Em sua última reunião, em Brasília,
nos dias 29 e 30 de novembro, o colegiado
avançou na votação da
proposta, mas não conseguiu concluir
a análise das mais de 70 emendas que
ficaram pendentes desde sua reunião
anterior, ocorrida nos dias 8 e 9 de novembro.
(Saiba mais). Ainda precisam ser votados temas
polêmicos, como alguns itens do capítulo
referente às atividades de mineração
e o tratamento que será dado às
APPs para fins de regularização
de ocupações urbanas de baixa
renda.
A oposição
entre ambientalistas, Ministério do
Meio Ambiente (MMA) e Ministério Público,
de um lado, e os representantes do empresariado
e de outros setores do governo, de outro,
voltou a dar o tom dos debates. O primeiro
grupo trabalhou para detalhar e restringir
as situações particulares em
que seria possível a supressão
de vegetação das APPs. Enquanto
isso, principalmente os conselheiros da Confederação
Nacional da Indústria (CNI), do Ministério
das Minas e Energia (MME) e de alguns governos
estaduais insistiram na tese de flexibilizar
as regras para permissão das intervenções
nas APPs, sobretudo defendendo maior liberalidade
para os órgãos ambientais na
elaboração de seus licenciamentos.
Como aconteceu no início
do mês, a definição dos
casos em que poderá ocorrer mineração
nas APPs provocou as maiores divergências.

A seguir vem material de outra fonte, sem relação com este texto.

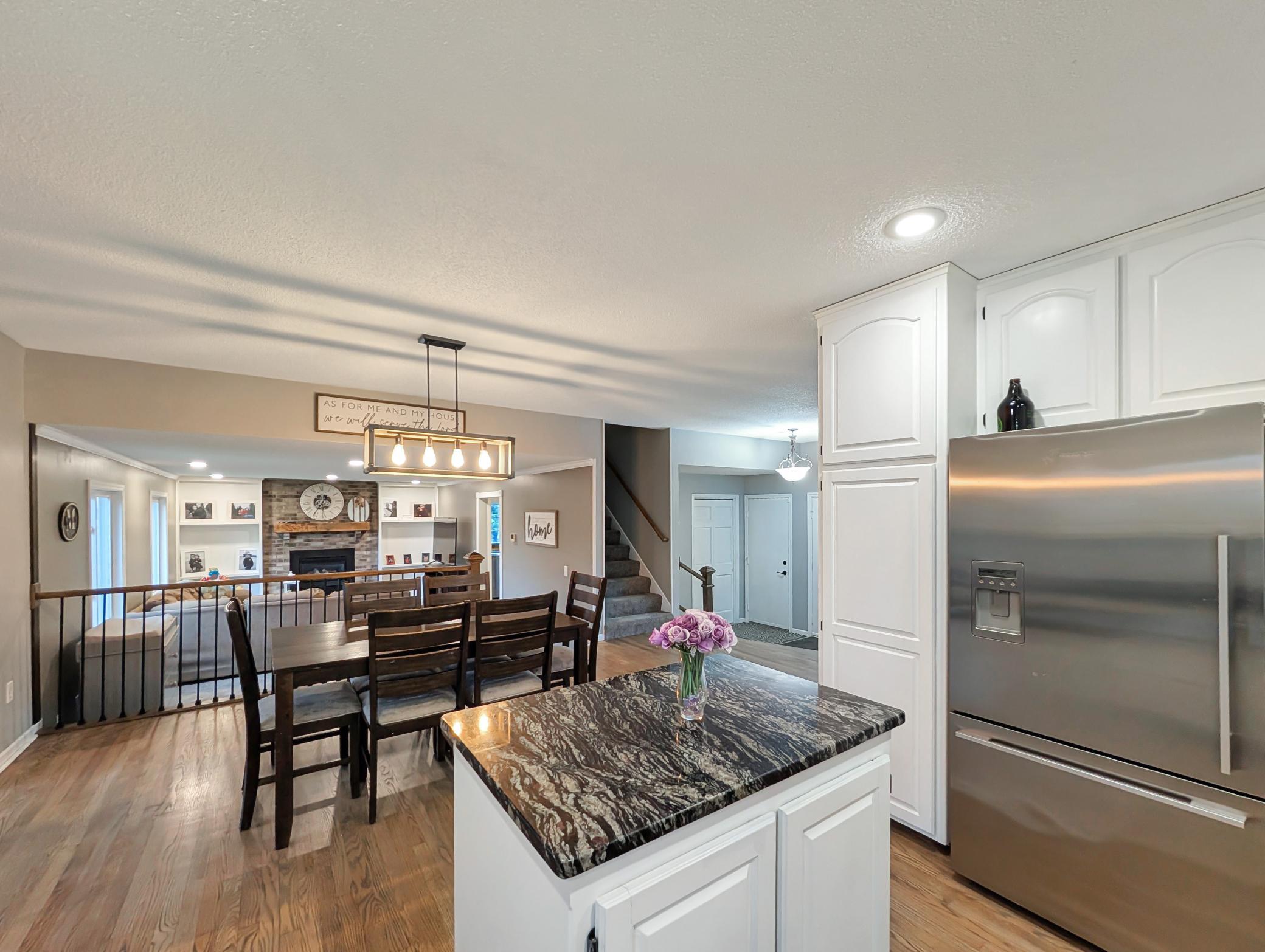 Room for pantry items right next to the fridge makes this convenient and functional as well as stunning.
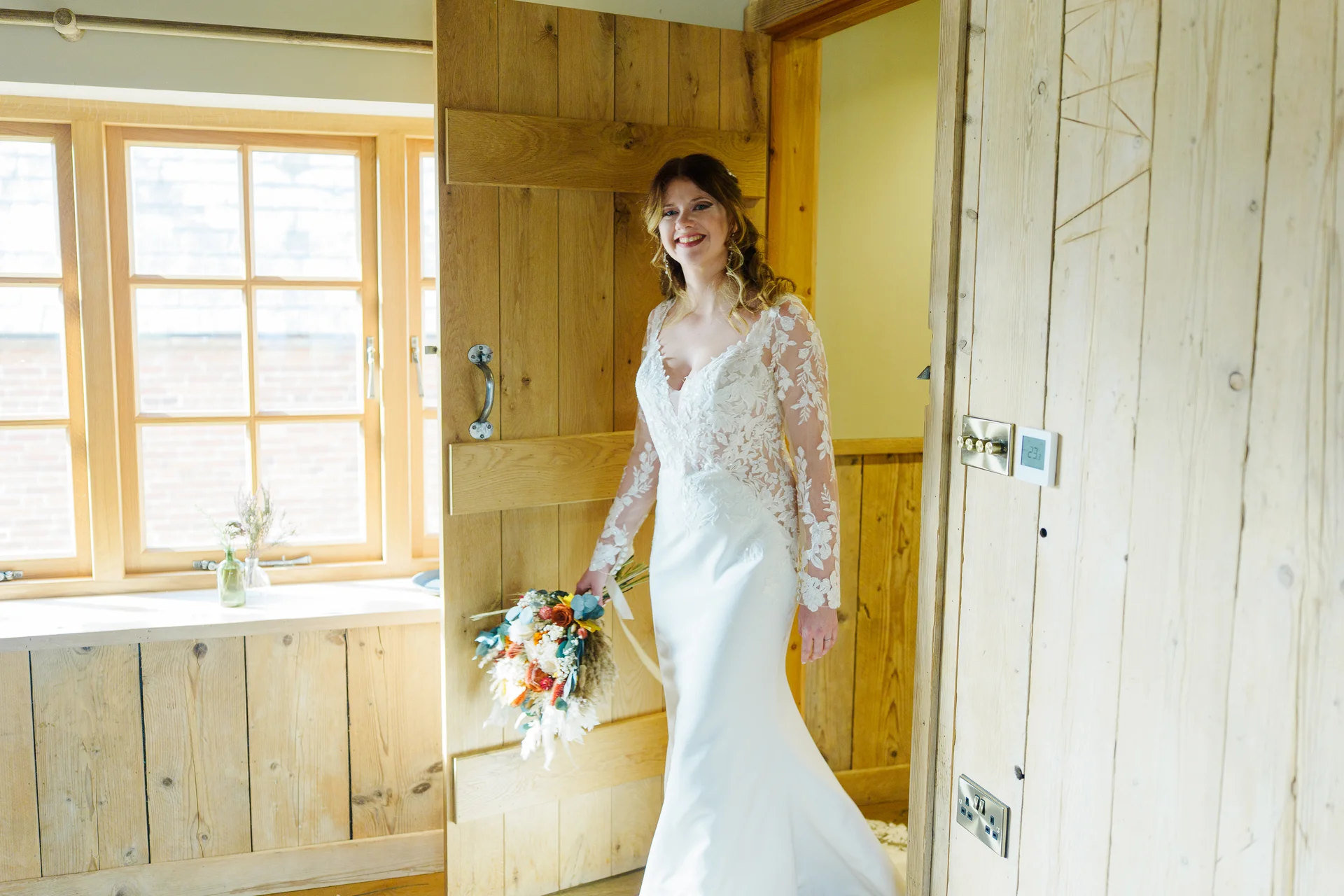 A smiling bride holding a colourful hand-tied bouquet poses in a rustic wooden room with large windows.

Os conselheiros mantiveram na resolução,
por exemplo, a possibilidade de instalação,
sob algumas condições, de depósitos
e sistemas de tratamento de resíduos
das atividades minerárias. O assunto
foi alvo de intensa polêmica porque,
de acordo com a redação aprovada,
será possível manter dejetos
poluentes até mesmo em áreas
de nascentes e nas margens de corpos d'água
(rios, córregos, lagos etc), o que
pode comprometer a qualidade da água
nestes locais. O texto final deste último
ponto foi considerado uma derrota pelos representantes
das organizações ambientalistas.
Novamente, a representação
do governo federal foi dividida para a votação.

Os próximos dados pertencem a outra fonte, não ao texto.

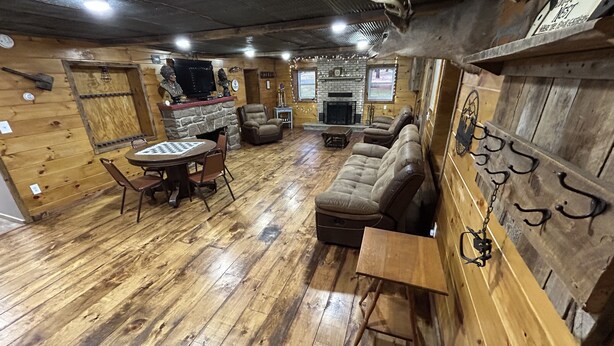 A rustic interior with wooden walls, a stone fireplace, leather sofas, and a dining area with a table and chairs. - Rustic Lodge near Black Moshannon & Penn State (Philipsburg)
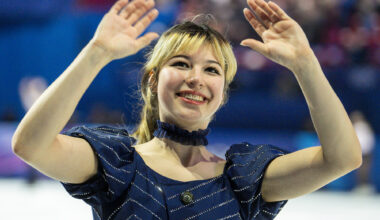 A young woman in a blue outfit and choker necklace waves to a crowd.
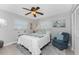 Cozy bedroom with a comfortable queen-size bed and plenty of natural light at 5826 Harrison Rd, Venice, FL 34293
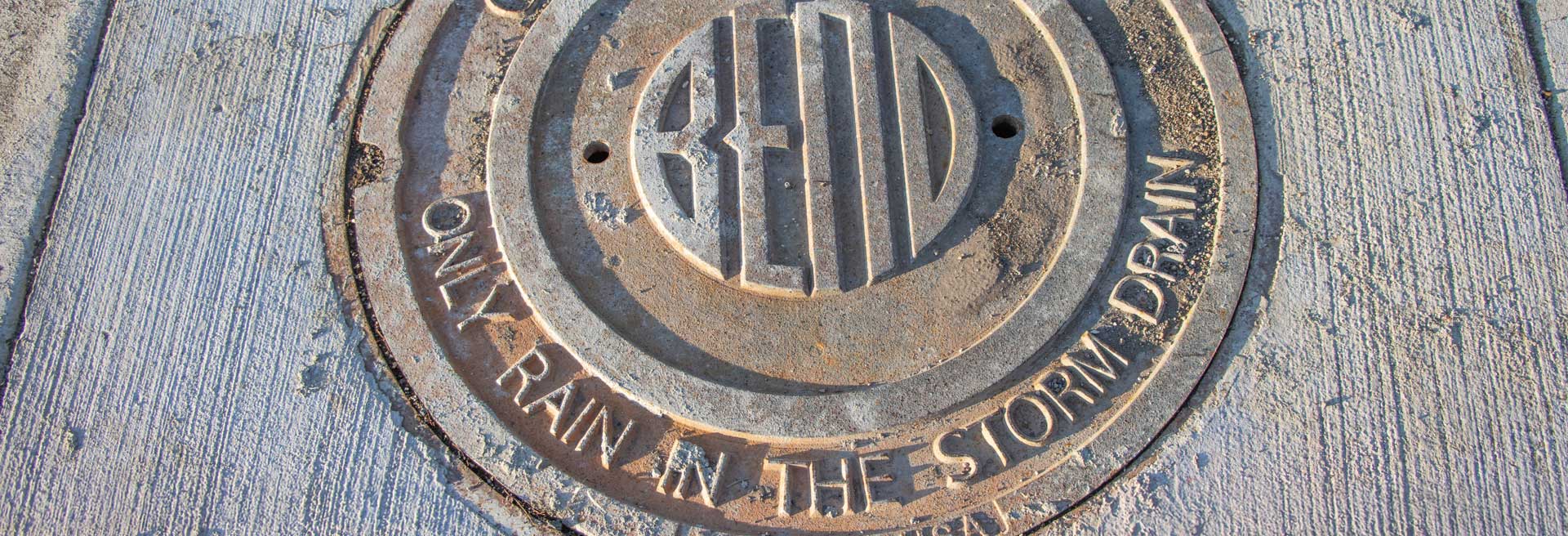 Maintenance hole cover with City of Bend logo on it.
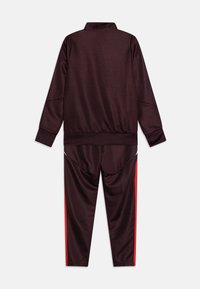 Tuta bordeaux composto da una giacca zippata con colletto alto e pantaloni affusolati. Gli accenti laterali rossi sui pantaloni aggiungono contrasto. Tessuto morbido e elasticizzato.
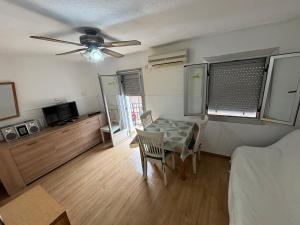 a living room with a table and a ceiling fan at Casita-apartamento individual Calle Los Dolores , 3 habitaciones in Benicàssim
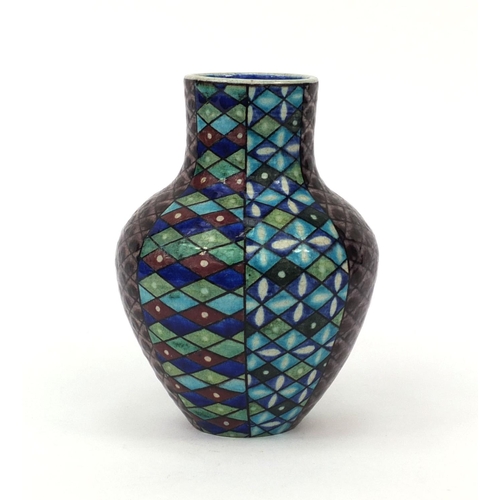 617 - Islamic Iznik pottery vase, hand painted with geometric motifs, 14cm high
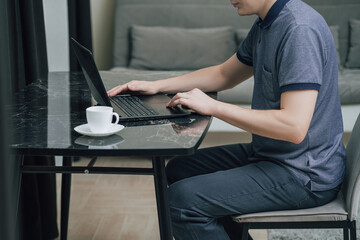 Man working on laptop at home, remote work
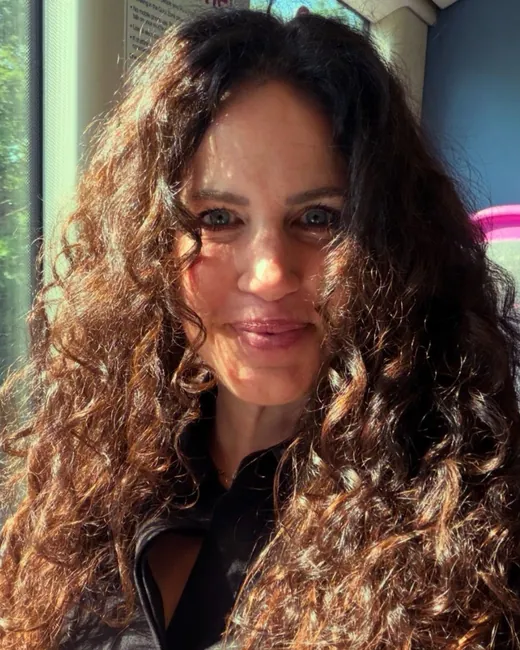 Tanya Hill smiling, with long curly hair
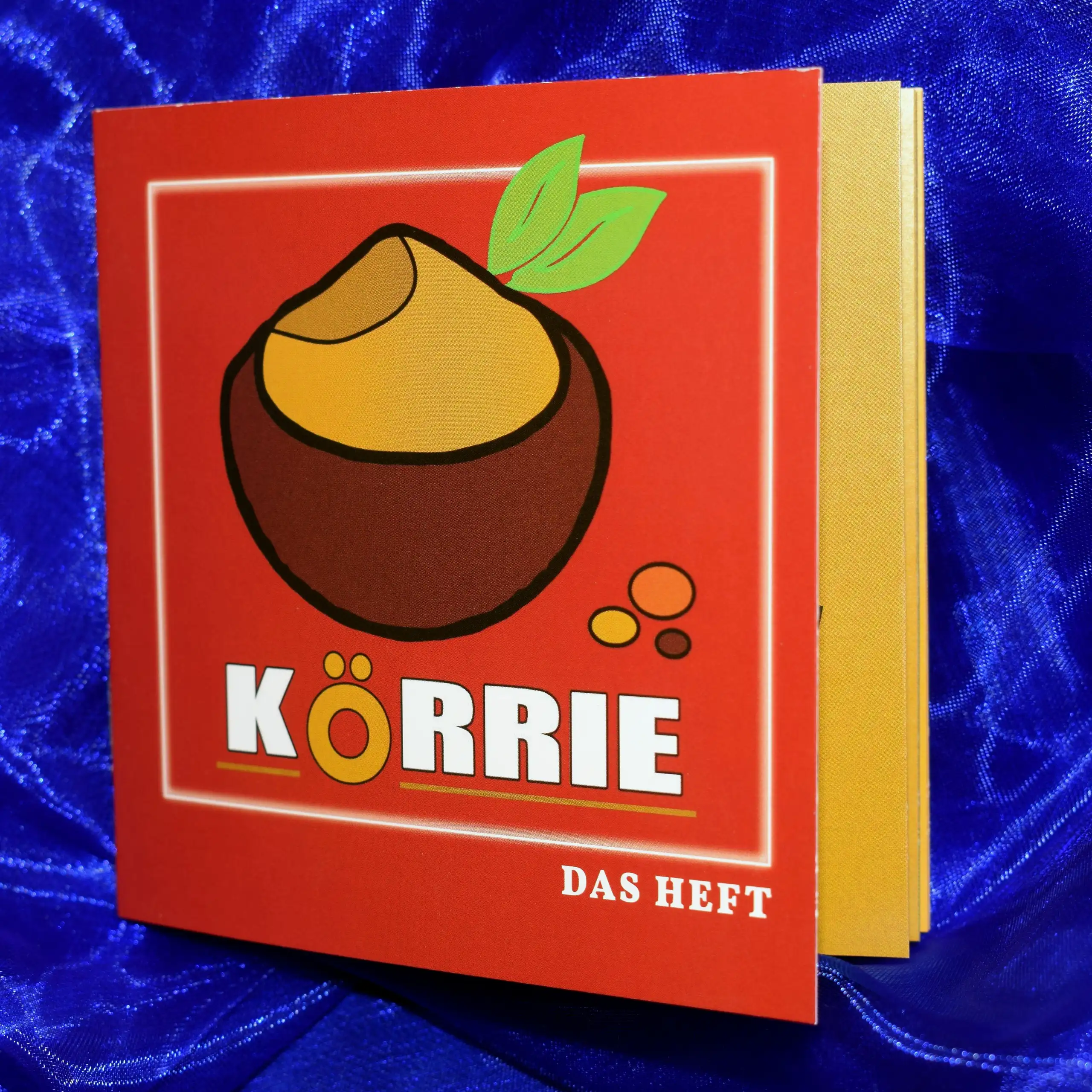 Detailaufnahme des Körrie-Support-Hefts / Körrie KSH: Ein leicht geöffnetes rotes Heft mit dem Körrie-Logo und dem Titel "KÖRRIE DAS HEFT" in weißer Schrift, präsentiert auf einem blauen Satin-Hintergrund für einen premium und einladenden Look. Dieses hoc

O MMA, o Ministério Público
Federal (MPF) e as entidades ambientalistas
defenderam uma emenda que dificultava a manutenção
dos resíduos da mineração
nas APPs. A proposta foi enterrada pelos conselheiros
da CNI e dos governos estaduais com o apoio
dos representantes do MME, da Casa Civil,
dos ministérios da Agricultura, dos
Transportes, do Desenvolvimento Agrário,
da Ciência e Tecnologia, da Cultura
e até mesmo da Agência Nacional
de Águas (ANA), entre outros integrantes
da administração federal.
Confusão
de papéis
“A bem da verdade, esta
é uma resolução que não
protege as APPs. Ela é cheia de lacunas
e contradições”, criticou Hermam
Benjamin, procurador do Ministério
Público de São Paulo e representante
do Instituto Direito por um Planeta Verde.
Ele lamentou o posicionamento da ANA na votação
e o isolamento de ambientalistas e do MMA,
que, em sua opinião, é fruto
da união entre o empresariado e setores
do governo. O procurador acredita que o Conama
vive um momento difícil, de “confusão
de papéis”, e chega a defender uma
reavaliação de sua composição
e de suas competências. “O Conselho
não é um órgão
de proteção das atividades produtivas,
mas de controle da capacidade de poluição
destas atividades”.
O Conama é formado
por 108 membros, sendo 72 representantes de
órgãos públicos federais,
estaduais e municipais, 15 de organizações
ambientalistas, oito do setor empresarial,
quatro de entidades de trabalhadores, dois
de populações indígenas
e tradicionais, um da comunidade científica,
um membro honorário e três conselheiros
sem direito a voto (Comissão de Meio
Ambiente da Câmara dos Deputados, Ministérios
Públicos Federal e Estadual), além
do presidente e do secretário-executivo,
que são integrantes do MMA.
Benjamim classificou como
“gravíssima” a aprovação
pelos conselheiros da possibilidade dos órgãos
ambientais licenciadores dispensarem o Estudo
Prévio de Impacto Ambiental (EPIA)
para extração e pesquisa minerais
que possam ser consideradas não potencialmente
causadoras de impactos ambientais significativos.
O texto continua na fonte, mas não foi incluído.